By Sean Emery | semery@scng.com and Joe Nelson | jnelson@scng.com | Orange County Register
Published: March 14, 2018 at 6:13 pm | Updated: March 14, 2018 at 7:07 pm

Jurors in a federal civil rights trial have awarded $33.5 million to the family of a man who was shot and killed by a San Bernardino County sheriff’s deputy during a 2015 encounter at the El Rancho Motel in Barstow.

The eight-member jury deliberated for around two hours before unanimously awarding the parents of Nathaniel Harris Pickett Jr. $15.5 million in compensatory damages and $18 million in punitive damages, said Dale Galipo, a veteran civil rights attorney from Woodland Hills who represented the family during the trial.

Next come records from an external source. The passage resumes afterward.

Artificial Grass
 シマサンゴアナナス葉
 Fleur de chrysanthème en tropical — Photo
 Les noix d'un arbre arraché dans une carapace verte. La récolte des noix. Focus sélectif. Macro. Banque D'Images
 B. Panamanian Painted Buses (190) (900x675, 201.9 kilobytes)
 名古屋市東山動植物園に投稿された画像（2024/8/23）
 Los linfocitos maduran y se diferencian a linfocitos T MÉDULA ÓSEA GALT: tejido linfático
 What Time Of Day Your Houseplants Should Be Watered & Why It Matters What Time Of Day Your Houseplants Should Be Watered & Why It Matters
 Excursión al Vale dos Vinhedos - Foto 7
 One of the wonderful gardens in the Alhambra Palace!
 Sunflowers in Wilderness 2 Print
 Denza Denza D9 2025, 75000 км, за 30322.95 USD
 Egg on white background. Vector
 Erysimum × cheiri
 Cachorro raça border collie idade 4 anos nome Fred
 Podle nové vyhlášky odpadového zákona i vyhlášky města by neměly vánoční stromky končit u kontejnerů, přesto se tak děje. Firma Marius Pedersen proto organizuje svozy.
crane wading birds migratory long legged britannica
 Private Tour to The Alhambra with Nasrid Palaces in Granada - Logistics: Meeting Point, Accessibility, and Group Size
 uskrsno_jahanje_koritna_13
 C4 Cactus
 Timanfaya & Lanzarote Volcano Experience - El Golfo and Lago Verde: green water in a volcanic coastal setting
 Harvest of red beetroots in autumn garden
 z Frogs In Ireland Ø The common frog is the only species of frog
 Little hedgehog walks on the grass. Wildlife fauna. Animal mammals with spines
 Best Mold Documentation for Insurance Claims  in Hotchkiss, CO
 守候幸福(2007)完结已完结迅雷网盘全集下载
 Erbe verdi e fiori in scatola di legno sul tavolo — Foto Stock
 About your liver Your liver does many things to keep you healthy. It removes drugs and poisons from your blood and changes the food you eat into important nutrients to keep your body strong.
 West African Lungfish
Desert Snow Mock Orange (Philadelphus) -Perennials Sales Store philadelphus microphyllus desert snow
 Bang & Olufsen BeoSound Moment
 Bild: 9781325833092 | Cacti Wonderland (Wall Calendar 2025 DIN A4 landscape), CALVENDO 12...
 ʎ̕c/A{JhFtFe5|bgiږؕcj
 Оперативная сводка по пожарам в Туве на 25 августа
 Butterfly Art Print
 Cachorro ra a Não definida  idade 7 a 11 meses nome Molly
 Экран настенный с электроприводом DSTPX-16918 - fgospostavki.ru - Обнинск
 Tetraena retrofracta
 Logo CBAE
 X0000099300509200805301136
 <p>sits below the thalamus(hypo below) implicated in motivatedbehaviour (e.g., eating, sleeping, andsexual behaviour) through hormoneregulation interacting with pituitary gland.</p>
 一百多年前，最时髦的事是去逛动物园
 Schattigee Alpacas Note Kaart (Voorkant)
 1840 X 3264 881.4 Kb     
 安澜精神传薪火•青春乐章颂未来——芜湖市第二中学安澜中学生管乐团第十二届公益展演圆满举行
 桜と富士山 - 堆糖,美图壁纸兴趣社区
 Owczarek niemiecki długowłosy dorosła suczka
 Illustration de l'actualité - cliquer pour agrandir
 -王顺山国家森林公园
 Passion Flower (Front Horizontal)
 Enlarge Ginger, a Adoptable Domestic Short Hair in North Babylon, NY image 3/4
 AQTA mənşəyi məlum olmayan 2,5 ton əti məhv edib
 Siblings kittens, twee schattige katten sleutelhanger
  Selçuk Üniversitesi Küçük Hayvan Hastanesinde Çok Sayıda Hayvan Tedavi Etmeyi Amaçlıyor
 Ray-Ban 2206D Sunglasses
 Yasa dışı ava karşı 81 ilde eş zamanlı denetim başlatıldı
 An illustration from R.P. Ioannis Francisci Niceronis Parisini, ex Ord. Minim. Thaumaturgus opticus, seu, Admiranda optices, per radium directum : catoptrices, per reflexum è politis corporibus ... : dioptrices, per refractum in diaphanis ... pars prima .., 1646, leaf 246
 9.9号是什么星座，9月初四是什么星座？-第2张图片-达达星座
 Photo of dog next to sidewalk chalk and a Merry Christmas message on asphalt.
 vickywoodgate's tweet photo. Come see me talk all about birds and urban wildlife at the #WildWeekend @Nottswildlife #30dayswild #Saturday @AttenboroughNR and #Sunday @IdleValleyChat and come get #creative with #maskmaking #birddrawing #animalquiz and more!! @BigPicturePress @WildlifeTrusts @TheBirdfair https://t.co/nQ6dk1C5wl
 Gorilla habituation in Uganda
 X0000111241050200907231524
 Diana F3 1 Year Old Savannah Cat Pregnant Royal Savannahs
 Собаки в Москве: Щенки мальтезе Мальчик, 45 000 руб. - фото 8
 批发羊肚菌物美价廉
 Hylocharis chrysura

“It’s the jury’s way of saying they will not tolerate the continued police shootings of unarmed people. The message it sends is that unjustified shootings will not be tolerated,” Galipo said.

He said he thought the jury’s monetary award might be the largest in the country involving a police shooting, and certainly the largest he has received from a jury in the 15 years he has been trying excessive use of force and wrongful death cases involving police.

“I need to step back and pinch myself. It’s almost unbelievable,” Galipo said.

San Bernardino County spokesman David Wert referred comment to the Sheriff’s Department.

“We strongly disagree with the outcome based on the evidence in this case,” sheriff’s Lt. Sarkis Ohannessian said in a statement. “Our attorneys, the department and the county, will be discussing appealing the jury’s award.”

The federal lawsuit accused Deputy Kyle Woods of shooting an unarmed, mentally ill Pickett after a foot chase that began shortly after 9 p.m. on Nov. 19, 2015. Pickett had fallen down, the lawsuit alleged, and was on the ground, scooting back when the deputy shot him in the chest.

The San Bernardino County District Attorney’s Office concluded that the shooting was justified.

County prosecutors wrote in a report released in November 2016 that Woods believed Pickett was under the influence of a controlled substance and that Pickett had resisted arrest and punched the deputy, fracturing his nasal bone and knocking his head on cement.

The DA’s report indicated that Pickett attempted to grab Woods’ gun, causing the deputy to feel he was in a “life or death struggle with Pickett.”

Attorney’s for the Pickett family disputed the DA’s findings, and accused the deputy of changing his story multiple times.